__Available data__:
BEGIN

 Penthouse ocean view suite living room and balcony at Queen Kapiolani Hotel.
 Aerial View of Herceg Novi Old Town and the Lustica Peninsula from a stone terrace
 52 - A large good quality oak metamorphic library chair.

END
BEGIN

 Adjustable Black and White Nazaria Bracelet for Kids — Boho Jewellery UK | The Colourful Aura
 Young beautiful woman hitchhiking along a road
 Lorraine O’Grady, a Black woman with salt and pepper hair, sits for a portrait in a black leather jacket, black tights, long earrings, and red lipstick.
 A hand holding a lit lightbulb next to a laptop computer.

END
BEGIN

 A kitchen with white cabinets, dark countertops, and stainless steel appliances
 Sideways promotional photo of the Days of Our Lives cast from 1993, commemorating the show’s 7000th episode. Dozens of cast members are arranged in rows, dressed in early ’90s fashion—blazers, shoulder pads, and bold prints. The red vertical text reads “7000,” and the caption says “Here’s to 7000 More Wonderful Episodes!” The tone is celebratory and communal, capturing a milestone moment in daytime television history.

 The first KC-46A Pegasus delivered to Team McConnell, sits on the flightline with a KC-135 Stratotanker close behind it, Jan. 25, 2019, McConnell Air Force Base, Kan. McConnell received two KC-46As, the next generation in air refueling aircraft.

END

__Your task__: Retype word for word everything in the listing above from the line that holds "Adjustable Black and" down to the line that holds "A hand holding". Keep both end lines and leave out the rest.

__Completed task__:
 Adjustable Black and White Nazaria Bracelet for Kids — Boho Jewellery UK | The Colourful Aura
 Young beautiful woman hitchhiking along a road
 Lorraine O’Grady, a Black woman with salt and pepper hair, sits for a portrait in a black leather jacket, black tights, long earrings, and red lipstick.
 A hand holding a lit lightbulb next to a laptop computer.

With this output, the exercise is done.